Given the intensifying rise in AI’s proficiency and use, the aim of this scoping review is to systematically examine AI’s unique ability to improve comprehensive otolaryngology trainee education.
Methods
A systematic review of the literature following PRISMA-ScR guidelines was performed across the following databases: Embase (1947 to July 2025), Scopus (1970 to July 2025), and PubMed (1946 to July 2025). Key words included terms related to three broad categories: artificial intelligence, medical education, and otolaryngology. Examples of key words used include: “Artificial Intelligence,” “machine learning,” “large language model,” “surgical assessment,” “residency,” “learner skills,” “otolaryngology,” and “ENT.” The full search strategy for each database is shared within Appendix 1. Two authors (M.S., J.Z.) independently reviewed all abstracts and full texts using Covidence, resolving conflicts throughout the process. Inclusion criteria included original articles related to the uses of artificial intelligence within otolaryngology training. Exclusion criteria included letters to the editor and opinion letters, conference abstracts, and publications in a language other than English. Any articles not pertaining to either artificial intelligence, medical education, or the field of otolaryngology were excluded. After full-text review, themes were extracted and organized into overarching categories.
Results
The initial search returned 1964 articles, of which 657 were duplicates. After initial abstract screening, 120 articles were selected for full-text review. Of these, 56 articles lacked an AI component, 19 were not related to medical or surgical education, 12 were response letters or editorials, 7 were conference abstracts, 4 were review articles, 4 were not within the field of Otolaryngology, and 1 was not available in English. 16 articles were selected for inclusion in the final thematic analysis (Figure 1). The articles were reviewed and emerging themes analysis was performed. Studies included were published between the years of 2015-2025. We identified the following themes surrounding the use of AI: AI-Enhanced Surgical Training Models,29–32 AI-Based Surgical Skill Assessment,33–35 Instrument tracking and computer vision34–37 AI as a Research Aid,38 AI Augmentation of Didactic Learning,39–41 and AI in Residency Admissions.42–44
Artificial Intelligence as a research aid in Otolaryngology
Shaari et al.38 evaluated the ability of ChatGPT to generate unique research ideas relevant to Otolaryngology. Of the systematic review ideas that ChatGPT generated, the authors found that only a small portion had not been already published. The authors found that artificial intelligence was occasionally able to generate novel systematic review ideas within the field of otolaryngology; the ideas that it did generate were largely feasible and clinically relevant.

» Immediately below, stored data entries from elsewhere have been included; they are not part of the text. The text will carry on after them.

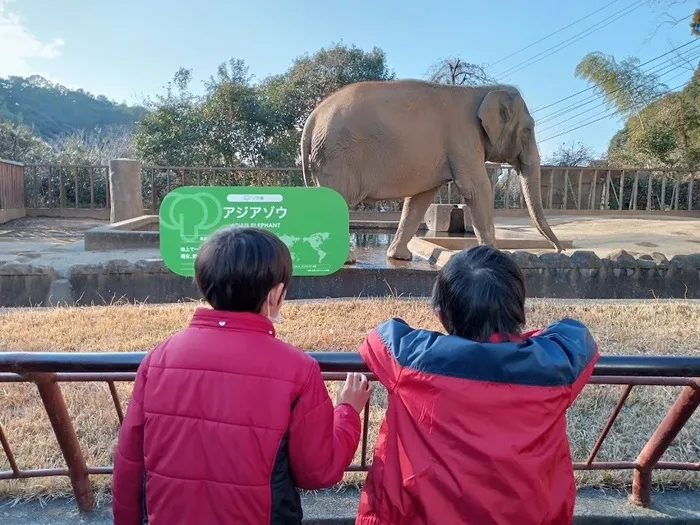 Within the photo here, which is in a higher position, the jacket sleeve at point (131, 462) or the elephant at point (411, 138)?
the elephant at point (411, 138)

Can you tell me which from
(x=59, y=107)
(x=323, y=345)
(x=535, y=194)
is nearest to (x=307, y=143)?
(x=535, y=194)

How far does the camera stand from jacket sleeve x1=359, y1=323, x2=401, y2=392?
135 cm

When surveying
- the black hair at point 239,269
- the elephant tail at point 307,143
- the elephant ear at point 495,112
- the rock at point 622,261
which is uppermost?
the elephant ear at point 495,112

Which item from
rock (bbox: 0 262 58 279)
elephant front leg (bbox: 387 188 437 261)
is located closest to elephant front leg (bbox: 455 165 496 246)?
elephant front leg (bbox: 387 188 437 261)

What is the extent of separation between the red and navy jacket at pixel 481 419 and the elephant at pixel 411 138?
4812 mm

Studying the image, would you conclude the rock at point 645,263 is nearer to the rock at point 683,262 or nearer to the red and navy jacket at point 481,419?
the rock at point 683,262

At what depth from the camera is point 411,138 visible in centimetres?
612

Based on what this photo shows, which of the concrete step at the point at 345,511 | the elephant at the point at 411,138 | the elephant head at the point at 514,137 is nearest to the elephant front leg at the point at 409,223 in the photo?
the elephant at the point at 411,138

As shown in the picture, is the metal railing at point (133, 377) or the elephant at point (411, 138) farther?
the elephant at point (411, 138)

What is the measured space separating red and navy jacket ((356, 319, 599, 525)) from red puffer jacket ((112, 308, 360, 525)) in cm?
20

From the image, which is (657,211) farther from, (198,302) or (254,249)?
(254,249)

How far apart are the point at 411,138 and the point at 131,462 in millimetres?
5188

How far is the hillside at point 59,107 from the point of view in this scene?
50472mm

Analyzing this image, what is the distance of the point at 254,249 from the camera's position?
1.38 meters
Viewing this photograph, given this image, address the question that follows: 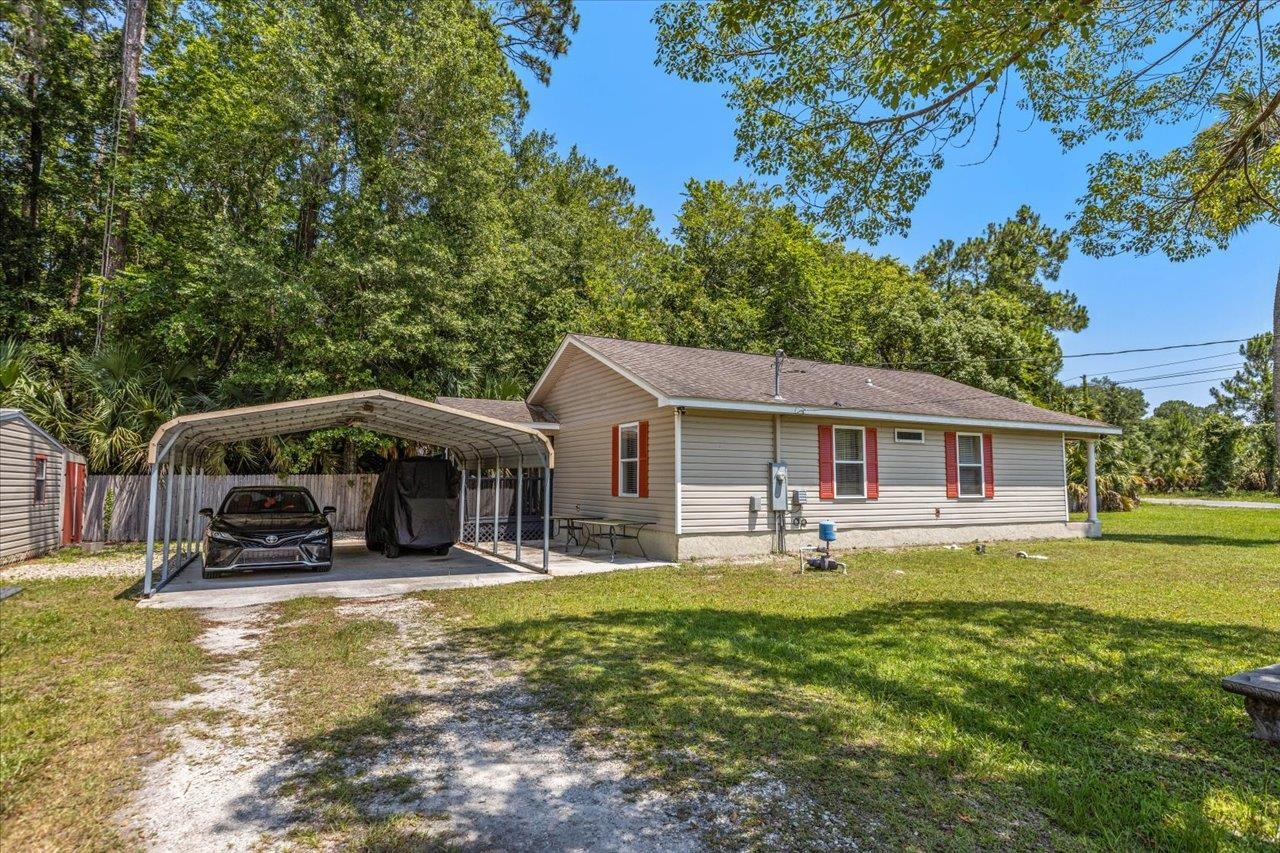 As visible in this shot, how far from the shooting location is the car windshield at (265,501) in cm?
995

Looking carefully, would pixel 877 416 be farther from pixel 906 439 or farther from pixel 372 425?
pixel 372 425

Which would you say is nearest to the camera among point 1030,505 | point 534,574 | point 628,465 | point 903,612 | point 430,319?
point 903,612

Augmenting Didactic learning
Patel et al.39 evaluated the efficacy of using ChatGPT 4 to generate study guides for selected chapters of “Cummings: Otolaryngology Head and Neck Surgery” and assess whether the generated content retains sufficient material, clarity, and relevance to serve as an effective educational tool for otolaryngology residents. The study guides received modest mean scores regarding accuracy, relevancy, and clarity. Qualitative feedback from reviewers was also collected with strengths including the organization and comprehensiveness of the study guides, highlighting their potential utility as a learning tool. However, several reviewers thought that the guides often included excessive detail on non-critical concepts and were not always concise enough.
With enhancing didactic education, specifically anatomical landmarks, Singal et al.40 aimed to evaluate if ChatGPT is a reliable source for gross anatomical information of the scalenovertebral triangle. The authors found that the answers provided by ChatGPT were not appropriate (either incorrect, partially correct, or incomplete) in many of the queries.

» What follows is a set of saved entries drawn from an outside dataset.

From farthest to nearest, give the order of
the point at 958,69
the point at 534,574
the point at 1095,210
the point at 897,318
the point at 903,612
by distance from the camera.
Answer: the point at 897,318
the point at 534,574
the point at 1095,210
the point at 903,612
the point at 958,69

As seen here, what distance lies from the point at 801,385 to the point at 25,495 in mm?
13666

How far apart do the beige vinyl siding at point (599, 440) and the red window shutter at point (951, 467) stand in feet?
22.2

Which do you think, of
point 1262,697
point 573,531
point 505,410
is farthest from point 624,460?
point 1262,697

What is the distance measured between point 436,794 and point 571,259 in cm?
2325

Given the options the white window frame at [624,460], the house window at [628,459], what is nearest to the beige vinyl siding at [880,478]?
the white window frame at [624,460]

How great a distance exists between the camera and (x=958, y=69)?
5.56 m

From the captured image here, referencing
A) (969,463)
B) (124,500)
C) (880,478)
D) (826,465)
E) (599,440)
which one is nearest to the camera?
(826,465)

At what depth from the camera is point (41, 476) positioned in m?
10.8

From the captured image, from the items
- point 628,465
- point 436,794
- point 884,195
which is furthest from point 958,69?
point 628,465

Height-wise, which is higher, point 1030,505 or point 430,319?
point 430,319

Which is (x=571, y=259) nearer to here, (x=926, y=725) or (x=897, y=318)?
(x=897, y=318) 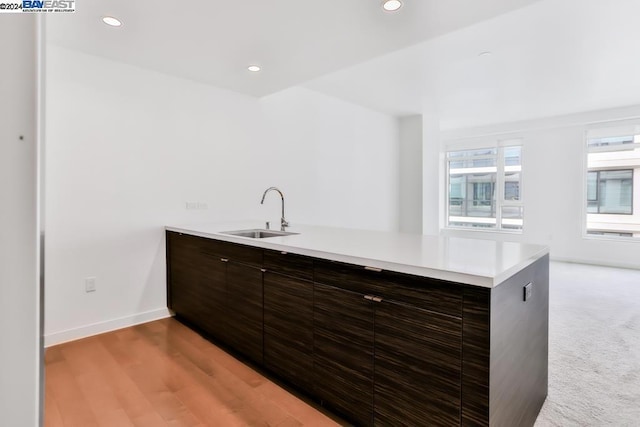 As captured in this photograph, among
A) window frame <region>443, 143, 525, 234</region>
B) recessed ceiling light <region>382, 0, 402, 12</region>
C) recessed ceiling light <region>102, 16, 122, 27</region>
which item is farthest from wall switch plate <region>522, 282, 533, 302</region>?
window frame <region>443, 143, 525, 234</region>

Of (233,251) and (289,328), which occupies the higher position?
(233,251)

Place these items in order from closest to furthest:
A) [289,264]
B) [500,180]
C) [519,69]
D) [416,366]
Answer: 1. [416,366]
2. [289,264]
3. [519,69]
4. [500,180]

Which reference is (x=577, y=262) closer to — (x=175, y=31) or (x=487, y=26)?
(x=487, y=26)

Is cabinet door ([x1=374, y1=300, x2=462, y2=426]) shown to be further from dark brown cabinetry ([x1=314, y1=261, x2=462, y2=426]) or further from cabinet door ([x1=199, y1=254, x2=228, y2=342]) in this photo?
cabinet door ([x1=199, y1=254, x2=228, y2=342])

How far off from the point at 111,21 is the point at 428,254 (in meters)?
2.59

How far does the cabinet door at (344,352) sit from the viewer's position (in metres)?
1.53

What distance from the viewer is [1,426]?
450mm

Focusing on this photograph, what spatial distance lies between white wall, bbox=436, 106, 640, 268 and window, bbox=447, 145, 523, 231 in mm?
288

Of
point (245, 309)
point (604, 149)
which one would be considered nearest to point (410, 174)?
point (604, 149)

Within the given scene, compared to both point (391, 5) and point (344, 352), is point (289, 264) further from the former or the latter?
point (391, 5)

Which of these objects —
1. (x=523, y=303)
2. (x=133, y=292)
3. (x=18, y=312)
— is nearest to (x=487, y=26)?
(x=523, y=303)

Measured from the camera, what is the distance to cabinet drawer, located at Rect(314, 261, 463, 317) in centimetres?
125

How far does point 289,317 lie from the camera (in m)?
1.92

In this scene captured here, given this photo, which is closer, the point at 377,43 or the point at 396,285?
the point at 396,285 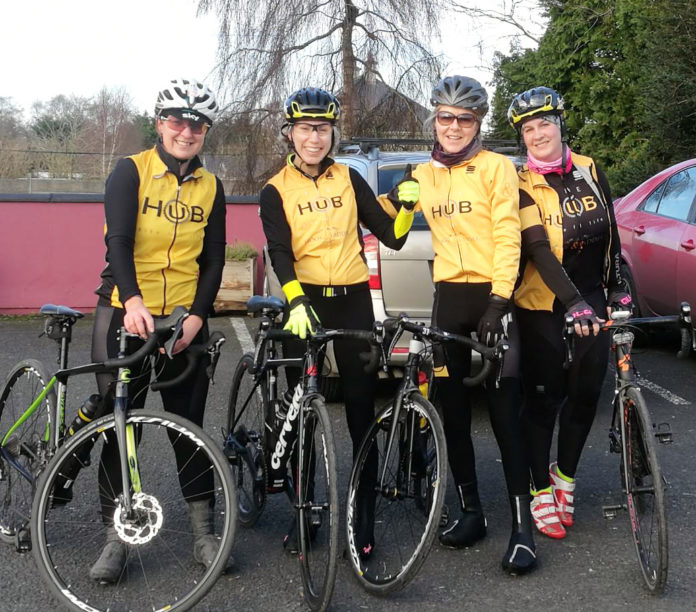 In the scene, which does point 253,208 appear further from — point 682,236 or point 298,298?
point 298,298

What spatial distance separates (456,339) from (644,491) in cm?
98

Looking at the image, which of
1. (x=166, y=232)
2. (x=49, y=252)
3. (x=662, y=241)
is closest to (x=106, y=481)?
(x=166, y=232)

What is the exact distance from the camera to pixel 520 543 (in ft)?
12.7

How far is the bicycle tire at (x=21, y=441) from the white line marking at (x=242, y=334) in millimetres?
5104

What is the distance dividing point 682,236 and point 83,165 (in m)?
33.6

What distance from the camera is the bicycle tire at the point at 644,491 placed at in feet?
11.7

An article by Brennan et al.41 aimed to provide guidance on optimizing ChatGPT use by otolaryngology trainees. The article further elaborates on the advantages AI can have on didactic learning, highlighting how trainees may utilize ChatGPT to create customized quizzes or flashcards to help reinforce their knowledge. Furthermore, trainees can use ChatGPT to facilitate learning in other important aspects of a residency education including presenting cases, discussing treatment plans, or explaining procedures to patients.
Residency selection
An additional theme that emerged from our review was the ability for AI to augment professional development and residency selection. A study performed by Vasan et al.42 retrieved over 1500 letters of recommendation (LOR) from the 2022-2023 application cycle from a single institution. A variety of machine learning models were employed to analyze the letters to help predict interview invitations as well as identify frequently used words in the letters of those applicants chosen for interview.
A study by Wilhidal et al.43 aimed to compare the quality of artificial intelligence-generated personal statements to those written by successful applicants to OHNS residency programs in Ontario, Canada, from 2017 to 2022. Provokingly, the authors found that artificial intelligence-generated personal statements significantly outperformed applicant-written statements in all assessed domains, including authenticity, readability, and personability.

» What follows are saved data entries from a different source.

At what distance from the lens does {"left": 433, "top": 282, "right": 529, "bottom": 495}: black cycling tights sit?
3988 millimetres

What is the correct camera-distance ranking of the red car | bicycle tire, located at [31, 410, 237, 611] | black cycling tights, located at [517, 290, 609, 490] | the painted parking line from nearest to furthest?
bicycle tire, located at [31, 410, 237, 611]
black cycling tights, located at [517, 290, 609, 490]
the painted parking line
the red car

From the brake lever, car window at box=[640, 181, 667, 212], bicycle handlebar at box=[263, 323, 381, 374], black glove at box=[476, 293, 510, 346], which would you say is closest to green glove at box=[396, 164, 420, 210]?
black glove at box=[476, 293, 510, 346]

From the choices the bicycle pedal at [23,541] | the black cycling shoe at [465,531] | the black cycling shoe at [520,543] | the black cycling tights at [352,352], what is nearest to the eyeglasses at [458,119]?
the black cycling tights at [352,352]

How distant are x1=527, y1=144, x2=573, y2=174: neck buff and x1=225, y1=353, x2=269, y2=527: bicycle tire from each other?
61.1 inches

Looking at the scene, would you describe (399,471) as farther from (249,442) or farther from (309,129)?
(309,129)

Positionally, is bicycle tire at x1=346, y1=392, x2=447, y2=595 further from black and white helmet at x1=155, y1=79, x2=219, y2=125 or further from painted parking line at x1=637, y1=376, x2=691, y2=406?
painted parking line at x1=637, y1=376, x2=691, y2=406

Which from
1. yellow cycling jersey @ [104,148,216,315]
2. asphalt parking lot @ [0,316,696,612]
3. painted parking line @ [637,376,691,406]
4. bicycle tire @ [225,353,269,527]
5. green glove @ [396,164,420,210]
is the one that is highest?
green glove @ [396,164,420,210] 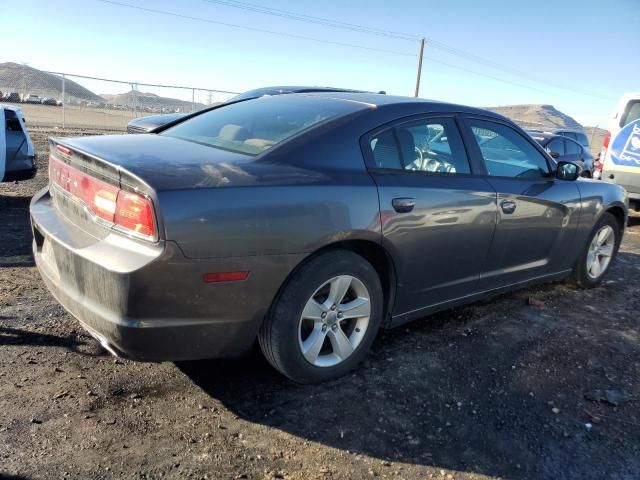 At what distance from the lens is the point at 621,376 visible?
337 cm

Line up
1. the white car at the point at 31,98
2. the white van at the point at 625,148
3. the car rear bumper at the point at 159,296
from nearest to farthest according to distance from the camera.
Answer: the car rear bumper at the point at 159,296
the white van at the point at 625,148
the white car at the point at 31,98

Taken together, these studies underscore the potential of an automated process to help predict an applicant’s likelihood of obtaining an interview invitation could be a valuable tool for aspiring Otolaryngology residents and training programs alike.
Despite this proposed benefit, one study in our review was more cautionary. Using ChatGPT as a case study, Halagur et al.44 concluded that utilizing publicly available large language models to aid in otolaryngology residency selection may introduce significant racial, gender, and sexual orientation bias.
AI-Enhanced Surgical Training Models
The uses of AI in surgical training have been centered around providing real-time feedback and guidance to trainees. The most common training models utilized AI-augmented overlays within virtual reality simulators or endoscopic camera views.29–31 One study integrated AI to provide real-time feedback within a 3D-printed model for cochlear implant insertion.32 In this study, a realistic 3D-printed cochlea model was created to help train clinicians in cochlear implant electrode insertion. The system used a mini camera and custom software with a graphical interface to give real-time visual feedback on insertion depth, speed, back-outs, and electrode kinking, along with tactile feedback from the model itself. Using this simulator, researchers found that slower, controlled insertion speed was an important factor in improving trainee technique.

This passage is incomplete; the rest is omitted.